Perpetual Groove had always tested unfinished records during its shows, but because all of the songs from the latest album were produced in the studio, this year’s tour dates are the first time the band's new material is being performed live. McDonald says guests can expect to hear more recent works during Friday's show at the Culture Room.

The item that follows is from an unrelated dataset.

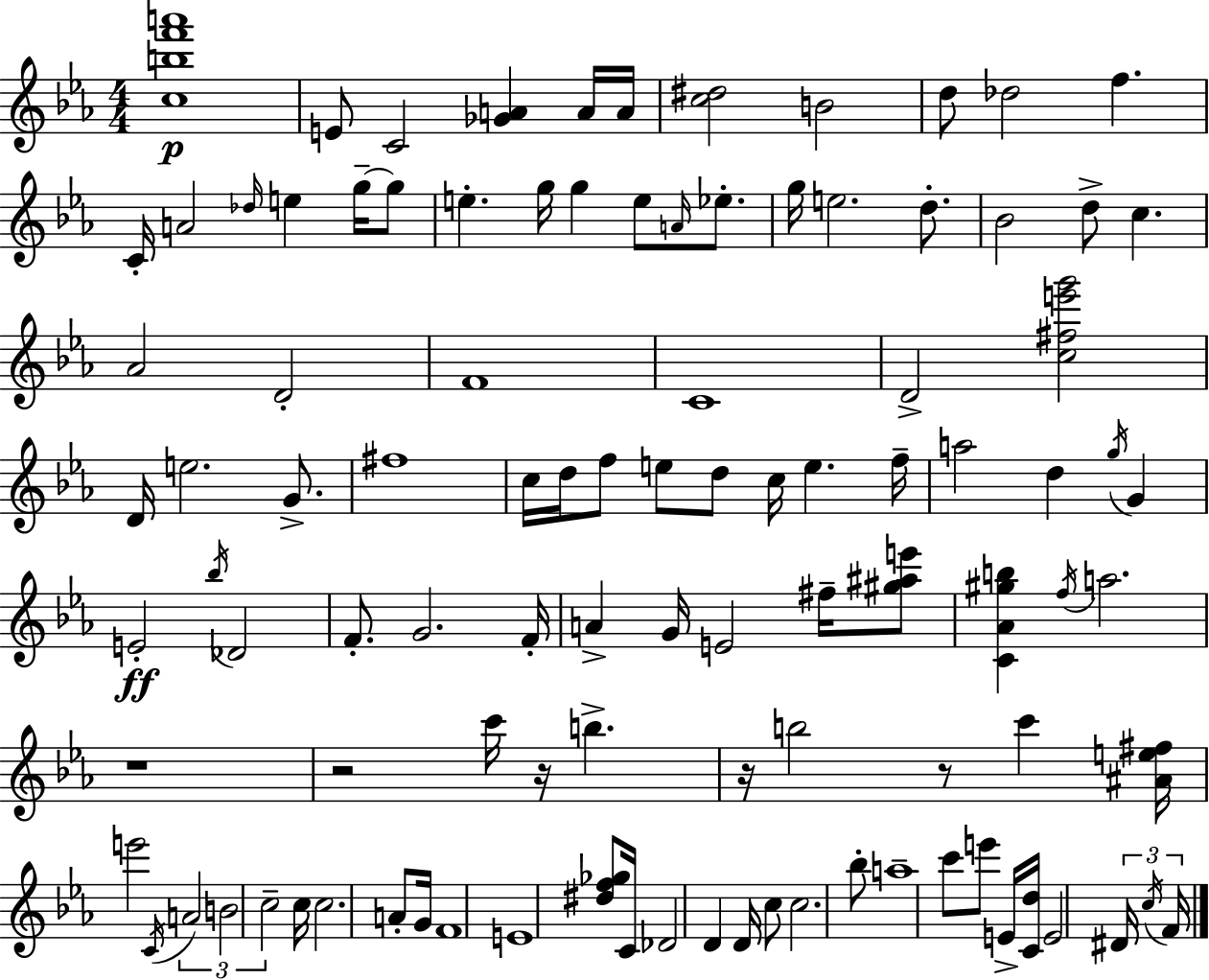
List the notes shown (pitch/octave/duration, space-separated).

[C5,B5,F6,A6]/w E4/e C4/h [Gb4,A4]/q A4/s A4/s [C5,D#5]/h B4/h D5/e Db5/h F5/q. C4/s A4/h Db5/s E5/q G5/s G5/e E5/q. G5/s G5/q E5/e A4/s Eb5/e. G5/s E5/h. D5/e. Bb4/h D5/e C5/q. Ab4/h D4/h F4/w C4/w D4/h [C5,F#5,E6,G6]/h D4/s E5/h. G4/e. F#5/w C5/s D5/s F5/e E5/e D5/e C5/s E5/q. F5/s A5/h D5/q G5/s G4/q E4/h Bb5/s Db4/h F4/e. G4/h. F4/s A4/q G4/s E4/h F#5/s [G#5,A#5,E6]/e [C4,Ab4,G#5,B5]/q F5/s A5/h. R/w R/h C6/s R/s B5/q. R/s B5/h R/e C6/q [A#4,E5,F#5]/s E6/h C4/s A4/h B4/h C5/h C5/s C5/h. A4/e G4/s F4/w E4/w [D#5,F5,Gb5]/e C4/s Db4/h D4/q D4/s C5/e C5/h. Bb5/e A5/w C6/e E6/e E4/s [C4,D5]/s E4/h D#4/s C5/s F4/s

“It’s really nice to have such a deep catalogue, and you can tell there’s a certain vibe for each tour,” he says. “For this tour, our focus is definitely on the new material, we’ve been having a lot of fun with it because we’ve never played these songs on the road live before. People are receiving our new stuff really well, and it’s been a big year of change.

Beyond the release of the band's self-titled album, Perpetual Groove's year of change saw the group sign with management for the first time in a decade and move to a new booking agency. The bandmates are sitting on tons of raw material they plan to take into the studio, and they're looking forward to touring on the West Coast for the first time in ten years. After two decades of delivering their hallmark melancholy anthems to adoring fans with tear-soaked cheeks, Perpetual Groove is ready for yet another new chapter of growth.

“We’re plugged into a machine that we weren’t plugged into previously, so that’s exciting to watch,” McDonald says. “We’re ready to see where this new team brings us.”

Perpetual Groove. With Tand. 8 p.m. Friday, December 13, at Culture Room, 3045 N. Federal Hwy., Fort Lauderdale; 954-564-1074; cultureroom.net. Tickets cost $20 via ticketmaster.com.